Many small queries are efficient in SQLite

I built a rules engine around SQLite queries for the last product I was working on. This article was the reason.

You can run an unbelievable # of select statements per unit time against a SQLite database. I think of it like a direct method invocation to members of some List<T> within the application itself.

Developers who still protest SQLite are really sleeping on the latency advantages. 2-3 orders of magnitude are really hard to fight against. This opens up entirely new use cases that hosted solutions cannot consider.

Databases that are built into the application by default are the future. Our computers are definitely big enough. There are many options for log replication (sync & async), as well as the obvious hypervisor snapshot approach (WAL can make this much less dangerous).

norir · a year ago

> Databases that are built into the application by default are the future. Our computers are definitely big enough.

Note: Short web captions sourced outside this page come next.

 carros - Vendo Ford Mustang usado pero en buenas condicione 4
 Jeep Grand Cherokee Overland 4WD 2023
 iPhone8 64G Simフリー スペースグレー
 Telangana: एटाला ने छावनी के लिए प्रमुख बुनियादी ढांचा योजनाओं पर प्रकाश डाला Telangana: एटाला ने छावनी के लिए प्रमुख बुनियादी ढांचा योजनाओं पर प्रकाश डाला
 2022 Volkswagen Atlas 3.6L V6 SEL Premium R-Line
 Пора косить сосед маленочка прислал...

Interesting point. It's easy to forget that in the past local storage was small and expensive so that it was necessary to have a separate database machine.

nevdka · a year ago

It wasn't just storage. In the 90s, most servers were single core. Databases already had network interfaces so they could be shared by non-web applications running on desktops, and so were the natural place to split a website over multiple machines. This turned into the received wisdom of always putting your database on a separate machine, despite processing power and storage latency improving so much since the 486 and pentium days that network overhead dominated response times.

VWWHFSfQ · a year ago

I'm still not understanding this push toward using SQLite as a production backend database. It's great for what it is, a tiny embeddable client-side application database. Like an address book on your phone. But even the developers themselves have steadfastly refused to allow it to expand beyond that scope. For instance, they won't add native types for any useful things like dates/times, or uuids. Because that would bloat the code and the size of the embedded object. So you're stuck with "everything is a string". Ref integrity can be enabled, but even those constraint options are very limited.

Not sure why people are still trying to shoe-horn it into a role that it's not meant to be in, and not even really supported to be.

blopker · a year ago

Maybe it's not for you, but the "everything is a string" thing is just the default. SQLite has STRICT table option since 2021 that people really should be using if possible: https://www.sqlite.org/stricttables.html

This brings strict types that people expect from the other server-based databases.

SQLite · a year ago

Just to clear up the error in the parent post: SQLite has native blobs, floats, and integers, not just strings. It doesn't have a bunch of other types for things like dates and JSON - you just represent those things using the native times of integer, float, string or blob. But it is not limited to only strings. This has been true for 20 years.

claytongulick · a year ago

It's absolutely supported for that use case if you can get away with single-writer multi-reader architecture, which IMHO most medium sized applications can. [1]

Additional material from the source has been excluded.